詰み
僕は、ただ走る。今の僕には、使命があるのだ。ただ巻き込まれていただけの昔の自分とは、違う。足場は悪い。ひび割れた地面につまずきそうになる。それでも僕は足を緩めない。ただ走り続ける。
理恵と遼は今戦っている。彼らに想いを馳せる僕はそのまま自然な流れで、ある疑問を頭に浮かべた。
「森賀さん、どこに行ったんだ?」
佐口さんもそうだ。彼女たちの姿は、図書館前で別れてから一度も見ていない。森賀さんに関しては、一緒に鵺狩りに行ったヤイバや遼たちが知っているかもしれないが……。
「もう聞けねえよ……」
僕は小声で悪態をつく。一旦落ち着こう。頭を横に振って十字路で一度立ち止まり、深呼吸して息を整える。
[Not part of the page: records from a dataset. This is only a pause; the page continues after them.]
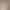 2026 New Style Short Wearable Nails, Gentle Nude Color Cat-Eye Nail Tips, Phototherapy, Brightening Effect, Simple and Versatile Fake Nails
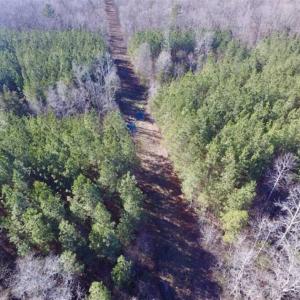 Photo of 65.92 Acres of Hunting and Recreational Land For Sale in Halifax County VA!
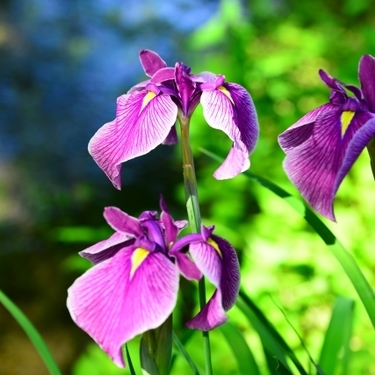 あやめの花言葉の意味や由来とは 色別や種類別に違う花言葉をご紹介 暮らし の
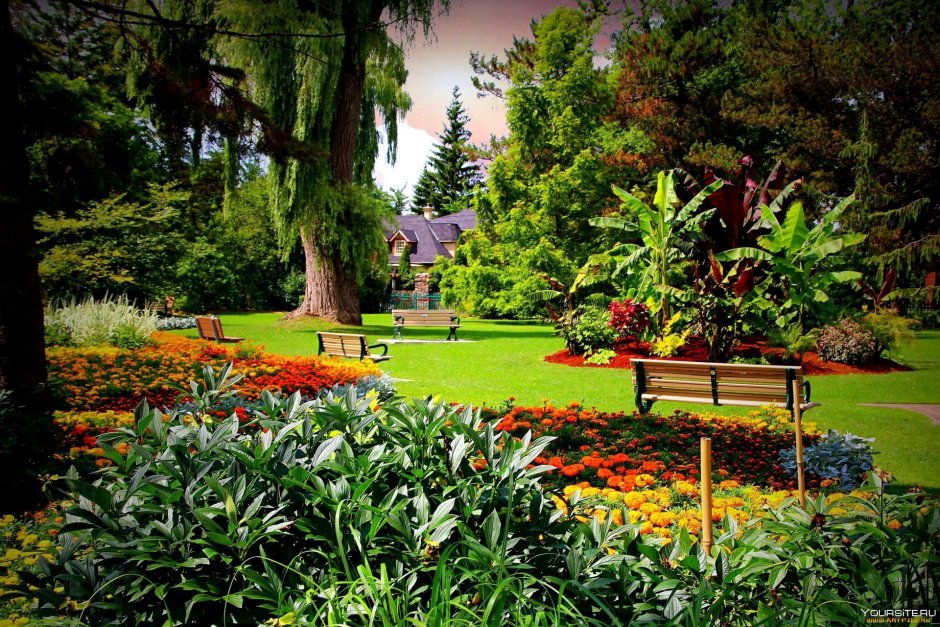 Риджентс парк сад королевы Марии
よく考えてみると、どんなに速く走り回ったって、超常の力を持つカノンから逃げることは不可能に近いと言っても良いだろう。子供同士の鬼ごっこではないのだ。策を練らなければ敗北は必至だ。
「とりあえず、佐口さんか森賀さんと合流しよう」
この二人に賭けるしかない。どちらとも連絡を取る術はない。運良く出くわすことができたら良いが……。
「……見ィつけた」
一つ前の交差点の方から声が聞こえる。耳に引っ掛かったその小さな声に、ぞわり、と悪寒が走った。
振り返る暇ももったいない。僕は一心不乱に駆け出す。声の主は森賀さんや佐口さんではあるまい。交差点の角をひたすら曲がり続ける。
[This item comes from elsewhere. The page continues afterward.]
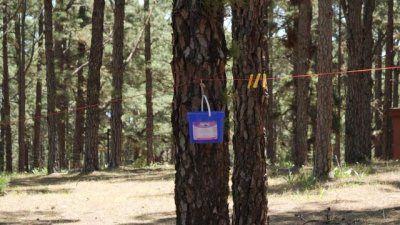 El papel de la cultura en la defensa de los derechos humanos, a debate en el Espacio La Granja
「はぁ、はぁ……畜生、一旦隠れてやり過ごさないと……」
視界に公園が映る。ついさっき、綿津見と佐口さんから講義を受けた、あの公園だ。遮蔽物も多い。
カノンがここまで来ている。それが意味することは僕にだってすぐに理解できた。彼女が遼や理恵を、無傷のまま置いてここに来るはずがないのだ。でもそれを考えていても何も始まらない。死を悼むのは、全て終わった後からで良い。
柵を飛び越え、無人の公園に足を踏み入れる。ブランコがキィ、キィ、と音を立てて揺れ、不気味さを更に増やしている。
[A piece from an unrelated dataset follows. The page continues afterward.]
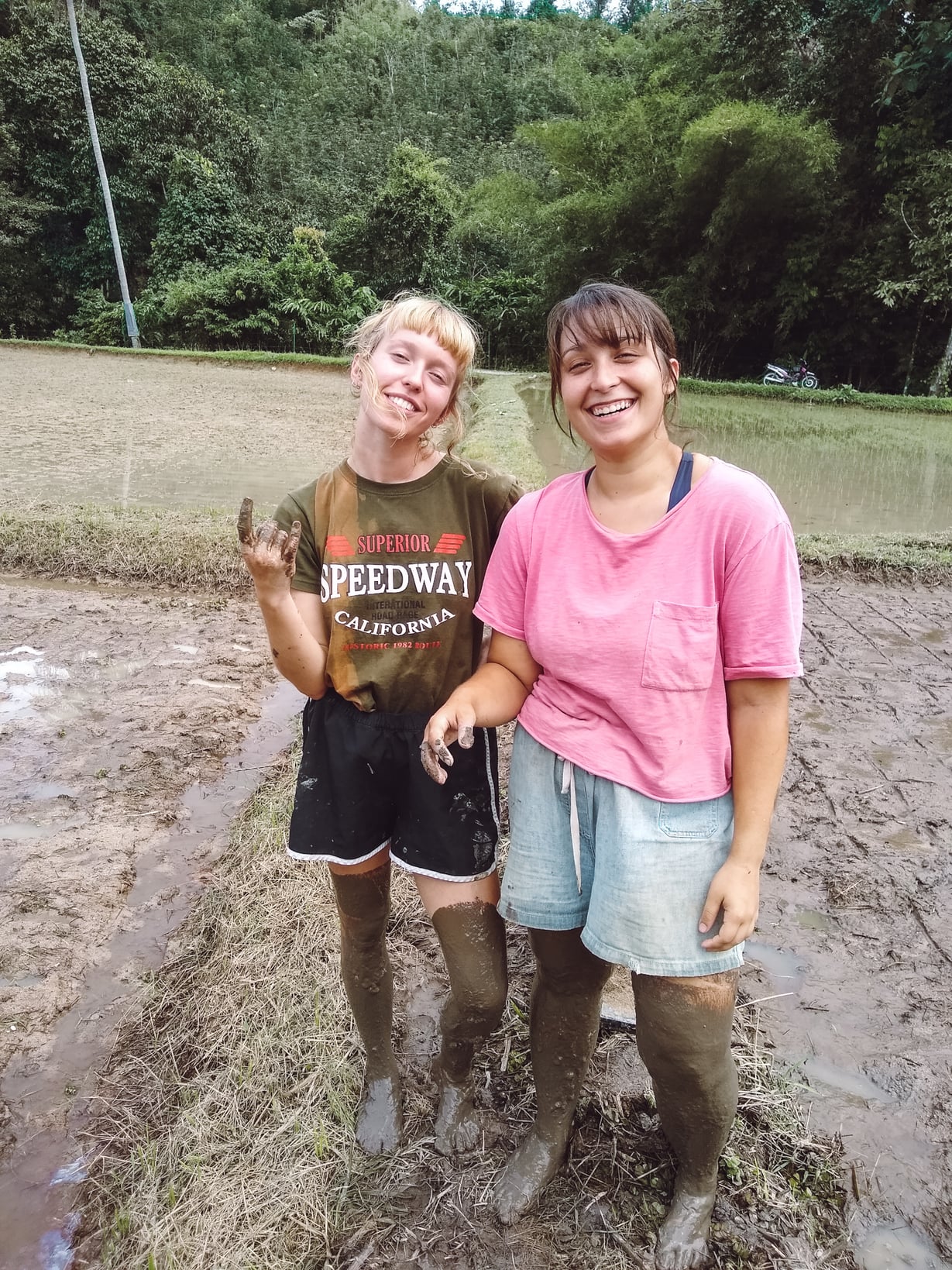 Volunteer around the world with Workaway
足音を立てないように、でもなるべく速く、慎重に歩く。
駄目だ。
「あなたが絶対に勝てない理由をお教えしましょうか?」
先ほどまで誰も座っていなかったブランコに、カノンが腰かけている。
後ろから追いつかれ、追い越された気配はなかった。つまり、先回りされていたのだ。行動が読まれていたと言い換えても良い。
思わず後ずさる僕に、カノンは、そう気張らないでくださいよ、と笑いかける。
「ああ……是非聞きたいね。僕の、冥土の土産には丁度いい」
僕はそう言いながら、ちらりと腕時計を見る。
残り時間はまだ長い。だけど、あと少し生き延びれば。
焦りを隠しきれない僕の様子を見たカノンは、少し嬉しそうに、それはですね、と簡潔に答えを明かす。